Biography of Chandragupta Maurya
The accession of King Chandragupta Maurya is a great event in the history of India. He was the first ruler who practically established an empire encompassing almost the whole of India.
We can learn about his career from the Buddhist and the Jain literature, accounts given by Megasthenes, the Arthashastra etc. Thus a variety of sources illuminate us about Chandragupta Maurya.
Ancestry of Chandragupta Maurya: There is a great deal of controversy regarding the parentage of Chandragupta. However it is generally believed that Chandragupta Maurya belonged to the Kshatriya clan which is referred to as Moriyas of Pippalivana. The name Maurya was derived probably from the clan-name Moriya.
Early career of Chandragupta
No authentic detail is known about the early life of Chandragupta. At any rate he was a bold adventurer and an ambitious man in his early life. He cherished a dream of becoming the ruler of Magadha. Tradition says that in this ambition he received support of a resourceful Brahmana, named Chanakya or Kautilya. Probably Chanakya assisted him in recruiting an army. With the help of this army Chandragupta started a career of conquest.

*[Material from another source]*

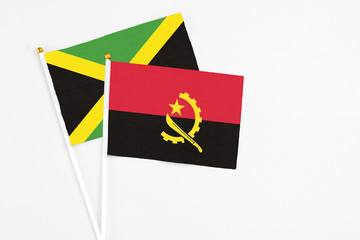 Angola and Jamaica stick flags on white background. High quality fabric, miniature national flag. Peaceful global concept.White floor for copy space.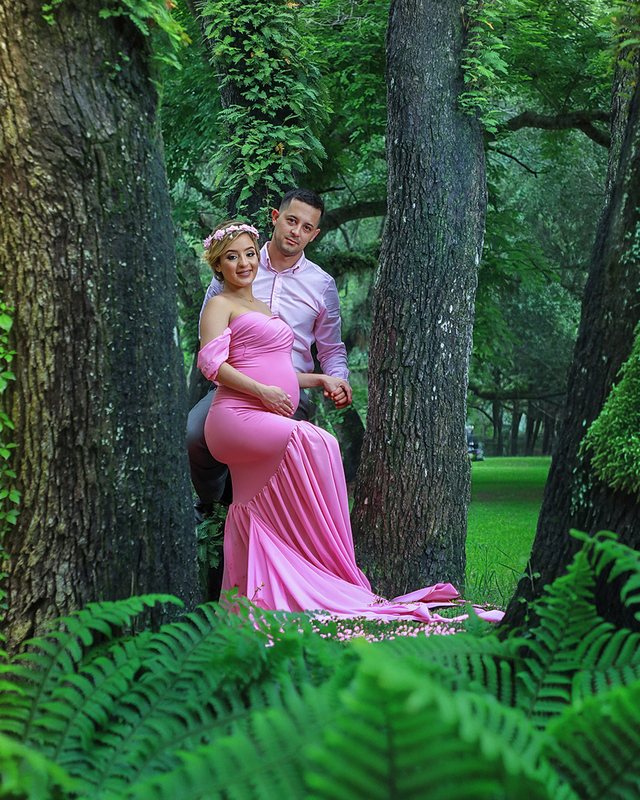 Couple posing among trees, with the expectant mother wearing a pink dress.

Chandragupta’s career of conquest consisted of four phases: (i) overthrow of the Nanda dynasty, (ii) liberation of the Punjab from the Greek rule, (iii) conquest of the South and (iv) his successful war against Seleucus.
It is difficult to say whether Chandragupta Maurya began his career with the overthrow of the Nandas or the expulsion of the Greeks from India. Most probably he at first liberated the Punjab and north-west India from the Greek rule. Having driven the Yavanas beyond the Indus, Chandragupta turned his attention to Magadha and routed the Nanda army completely. He then ascended to the Magadhan throne round about 322 B.C.
Gradually he extended his empire to other parts of the country.
War with Seleucus
At about 305 B. C. Seleucus Nicator, a former general of Alexander and king of Babylon tried to recover north-west India from Chandragupta. But he failed in his attempt, possibly was defeated and concluded a peace treaty with Chandragupta. According to the terms of the treaty Seleucus ceded Herat, Kandahar, Beluchistan and Kabul. In return he got five hundred elephants. The Greek king also sent an ambassador, Megasthenes, to the Mauryan court at Pataliputra. Megasthenes wrote a detailed account of India in a book named Indika which was a mine of information regarding the country. This treaty also provided for a matrimonial alliance between the two families.
Penetration in the south
After establishing himself comfortably in the North, Chandragupta Maurya decided to penetrate in the South. From the Junagarh Inscription it was clear that the western India was under his control. From the location of an Ashokan Rock Edict it appears that Chandragupta’s empire was extended up to the Tinnevelly District in the South.
Death of Chandragupta
According to Jain traditions Chandragupta adopted Jainism in the later part of his life. It is said that in true Jaina tradition Chandragupta fasted unto death at a place called Sravana Belgola in Mysore. It probably died in around 298 B.C.
Achievement of Chandragupta
Chandragupta Maurya was an extraordinary person. He occupied a unique position in the history of ancient India. From a humble position he became the emperor of Magadha by his own prowess. He liberated India from the domination of the Greeks. Later he repulsed another Greek invasion very successfully. In a true sense of the term he was the first Rajachakravarty of India. He realised the ideal of political unity of the country that had been cherished by the Indians since the Vedic Age. Chandragupta was not only a great conqueror, but he was a very abele administrator as well.
Chandragupta, the first empire-builder and the liberator of the country will always be remembered for his achievements.